The dist/ directory is in .gitignore by default — its contents are a build artifact, not source. The compile step is idempotent: stale <id>.yaml files left in dist/targets/ from a previous compile that no longer correspond to a current trailmap are deleted automatically (orphan cleanup). The compiler only manages files that bear its # GENERATED BY trailblaze check. DO NOT EDIT. banner — hand-authored YAMLs in dist/targets/ are left alone.

The framework JAR’s bundled targets (under trailblaze-models/src/commonMain/resources/trails/config/targets/) are intentionally checked-in build outputs of the same compile step run at framework build time via the trailblaze.bundled-config Gradle plugin — that’s a different lifecycle from workspace dist/ and explicitly NOT covered by the gitignore rule. See trailblaze-models/build.gradle.kts for how the plugin is wired and build-logic/src/main/kotlin/TrailblazeBundledConfigPlugin.kt for the generateBundledTrailblazeConfig / verifyBundledTrailblazeConfig task pair.

Compile-time validation:

  • Missing or cyclic dependencies: → compile error names the offending trailmap so you can jump straight to the manifest.
  • Typo in tool_sets:, tools:, excluded_tools:, or drivers: → compile error names the target id, platform, field, and unknown reference.
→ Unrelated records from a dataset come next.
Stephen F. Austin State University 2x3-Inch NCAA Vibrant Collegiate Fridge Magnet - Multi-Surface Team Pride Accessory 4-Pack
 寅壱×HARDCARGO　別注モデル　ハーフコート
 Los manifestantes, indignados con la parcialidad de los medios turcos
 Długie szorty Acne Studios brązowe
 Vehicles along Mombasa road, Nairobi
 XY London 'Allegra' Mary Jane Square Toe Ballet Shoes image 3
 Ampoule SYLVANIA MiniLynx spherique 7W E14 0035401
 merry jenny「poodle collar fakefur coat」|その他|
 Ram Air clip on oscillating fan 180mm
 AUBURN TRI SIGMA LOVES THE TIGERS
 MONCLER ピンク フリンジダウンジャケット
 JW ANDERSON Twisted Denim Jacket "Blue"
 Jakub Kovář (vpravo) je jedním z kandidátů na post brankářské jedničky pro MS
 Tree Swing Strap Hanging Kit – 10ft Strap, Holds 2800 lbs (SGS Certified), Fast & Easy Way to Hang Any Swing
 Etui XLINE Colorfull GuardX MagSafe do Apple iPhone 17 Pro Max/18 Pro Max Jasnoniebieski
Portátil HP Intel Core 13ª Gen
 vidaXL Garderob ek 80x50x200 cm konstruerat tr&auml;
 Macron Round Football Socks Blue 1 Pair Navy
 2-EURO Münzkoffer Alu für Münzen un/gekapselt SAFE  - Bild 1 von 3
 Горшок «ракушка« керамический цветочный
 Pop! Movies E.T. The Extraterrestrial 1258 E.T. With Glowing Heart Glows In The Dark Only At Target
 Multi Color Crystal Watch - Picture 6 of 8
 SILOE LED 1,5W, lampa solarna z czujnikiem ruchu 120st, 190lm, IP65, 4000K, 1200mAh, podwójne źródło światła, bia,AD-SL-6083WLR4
The runtime resolver’s graceful “skip the broken trailmap and keep going” behavior is overridden at compile time so authors see “compilation errors” before runtime sees a silently-missing capability.
  • Trailmap manifest YAML parse error → compile error names the offending trailmap ref.

Authoring

Authoring rule of thumb: prefer one trailmap per app surface. The clock trailmap ships waypoints, the contacts example ships scripted iOS tools, the playwright sample ships web fixture tools. Each is independently mountable, debuggable, and reviewable in one place.

When in doubt, look at the working examples:

  • examples/ios-contacts/trails/config/trailmaps/contacts/
  • examples/playwright-native/trails/config/trailmaps/playwrightSample/
  • trailblaze-models/src/commonMain/resources/trails/config/trailmaps/clock/

Migration notes

Trailmap id ioscontactscontacts

The iOS Contacts example workspace trailmap was renamed from ioscontacts to contacts so the same trailmap can later host Android / web tools alongside the iOS ones (the trailmap is the Contacts app trailmap, not just the iOS subset). CLI users who pinned --target ioscontacts should update to --target contacts. Within this example workspace, the new id shadows the bundled framework contacts trailmap (Google Contacts) per the precedence rule above.

From a flat targets/<id>.yaml to a trailmap

A flat target like:

# targets/myapp.yaml
id: myapp
display_name: My App
platforms:
  android: { ... }
tools:
  - script: ./tools/myapp_login.js
    name: myapp_login
    description: ...
    inputSchema: { type: object, properties: { ... } }

becomes:

trailmaps/myapp/
├── trailmap.yaml                       # id, target.display_name, target.tools refs, platforms
└── tools/
    └── myapp_login.ts                  # typed `trailblaze.tool<I, O>(spec, handler)` export

with the workspace’s trailblaze.yaml adding trailmaps: [trailmaps/myapp/trailmap.yaml]. See Scripted Tools (TypeScript) for the per-tool authoring shape.

The targets/myapp.yaml flat form is still supported for now (legacy-only); new authoring should use trailmaps. The flat-target tools list (tools: [...] with inline InlineScriptToolConfig entries) is preserved verbatim for legacy use, but the per-tool .ts shape is the recommended path.